Rarely is there a trend or force as dominant as Fortnite is in the world of gaming. Fortnite has over 200 million players worldwide (this is a phenomenal 60% increase from June of 2018). On a regular basis, there are 8.3 million concurrent players. One study on the rise in gaming in 2018 actually found that of all the time they spend online, children spend 21% that time online playing Fortnite.

Last Saturday, in an unprecedented gaming moment, EDM producer Marshmello performed a live concert within the Fortnite game. Dubbed an ‘exciting glimpse into the future’, the 10 minute one-off spectacle came to life with cool holograms and custom graphics. It was an experience that many young users had never seen the likes of before:

“What makes me happiest about today is that so many people got to experience their first concert ever. All the videos I keep seeing of people laughing and smiling throughout the set are amazing. Man I’m still so pumped.” Marshmello.

The Marshmello event also marked a special moment when players were unable to attack one another. Epic Games (the developers of Fortnite) took learnings from previous one-off live events - like its iconic rocket launch and its most recent freezing over of the entire game map - and launched a special game mode specifically for the duration of the show. With weapons disabled (Fortnite is a shooter survival game), the concert provided a space where this community was remarkably unchaotic - a moment of pure joy and reflection.

“It’s a glimpse into the scope of what can be achieved in this shared online worlds that are being created. Epic Games are constantly changing their world and how players can interact within it. This is super exciting. No longer are video games based on how real the graphics are (we're pretty much there already), but rather the innovative ways we can interact with others through them.” Luke, 30

The show signifies just how endless the scope is with regard to video game entertainment, and how experiences in the real and online worlds are so intertwined for the youth audience.

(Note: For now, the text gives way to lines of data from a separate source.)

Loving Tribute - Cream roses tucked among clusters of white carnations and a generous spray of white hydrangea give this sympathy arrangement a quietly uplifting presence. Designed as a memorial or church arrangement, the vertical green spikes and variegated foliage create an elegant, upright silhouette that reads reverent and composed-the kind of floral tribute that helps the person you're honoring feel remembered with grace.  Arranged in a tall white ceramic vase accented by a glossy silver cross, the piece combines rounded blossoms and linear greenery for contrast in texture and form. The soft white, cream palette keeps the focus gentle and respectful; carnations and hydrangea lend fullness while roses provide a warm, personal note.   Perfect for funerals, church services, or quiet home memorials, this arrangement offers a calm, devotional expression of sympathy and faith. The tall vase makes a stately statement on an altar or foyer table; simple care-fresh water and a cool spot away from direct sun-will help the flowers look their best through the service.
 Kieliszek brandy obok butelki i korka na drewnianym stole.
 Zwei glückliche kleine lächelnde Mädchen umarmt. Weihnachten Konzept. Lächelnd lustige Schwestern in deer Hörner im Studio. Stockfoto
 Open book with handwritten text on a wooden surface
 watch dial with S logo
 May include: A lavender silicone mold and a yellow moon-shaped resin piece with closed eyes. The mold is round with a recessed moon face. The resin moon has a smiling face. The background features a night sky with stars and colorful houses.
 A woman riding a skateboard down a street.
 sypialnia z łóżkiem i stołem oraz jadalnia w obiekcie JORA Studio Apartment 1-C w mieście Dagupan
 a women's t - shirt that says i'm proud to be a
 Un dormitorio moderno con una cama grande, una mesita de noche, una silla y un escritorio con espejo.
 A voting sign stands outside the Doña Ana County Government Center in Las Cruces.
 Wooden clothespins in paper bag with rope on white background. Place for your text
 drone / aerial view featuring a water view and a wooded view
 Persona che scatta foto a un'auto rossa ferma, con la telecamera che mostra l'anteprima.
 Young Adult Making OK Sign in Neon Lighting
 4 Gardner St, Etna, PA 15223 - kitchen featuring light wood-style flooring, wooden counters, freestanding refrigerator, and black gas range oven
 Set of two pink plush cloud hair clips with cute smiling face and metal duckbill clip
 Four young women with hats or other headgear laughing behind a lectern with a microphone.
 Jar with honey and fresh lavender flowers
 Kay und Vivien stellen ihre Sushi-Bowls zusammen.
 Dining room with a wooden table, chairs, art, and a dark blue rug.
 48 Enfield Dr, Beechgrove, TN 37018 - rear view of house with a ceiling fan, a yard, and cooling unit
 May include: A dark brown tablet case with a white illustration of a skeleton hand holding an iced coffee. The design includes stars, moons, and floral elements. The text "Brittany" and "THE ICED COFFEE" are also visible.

While gaming has been under longstanding scrutiny due to its screen-heavy nature and addictive qualities, the industry and its dedicated community users have been generating positive news stories of late.

At the end of last month, UK YouTuber Harry Brewis AKA ‘Hbomberguy’, played ‘Donkey Kong 64’ for 57 hours to raise money for Mermaids, a UK-based organisation that supports gender diverse young people. Brewis’ stream was joined by over 650,000 people and by the time he was done he had raised $340,000 for the organisation. Brewis was applauded by fans for using the Twitch platform as a vehicle to raise money for a trans rights charity - especially because over the last year or so Twitch streamers have been censored for the likes of homophobia, misogyny, harassment and on-camera domestic abuse:

“It really highlighted the support and love within the gaming community. This is no longer a past time for just one group of people, and it was great to see diversity celebrated and recognised. This is particularly important since the vocal minority generated a lot of attention when it came to Gamergate, which centred on issues of sexism and progressivism in video game culture.” Luke, 30

It’s not just individual gamers shining a light on equality issues they feel are important. Microsoft also made headlines this week after the launch of their empowering Superbowl 2019 ad “We All Win”. The communication promoted their adaptive Xbox controller which can be customised for people with different limitations and motor skills. The ad starred children with physical disabilities who explained their love of gaming and how the product benefitted their gaming experience.

“No matter how your body is or how fast you are, you can play.” Owen, 9 (and a half)

For many young people gaming is their way of physically interacting with friends when they can’t otherwise do it.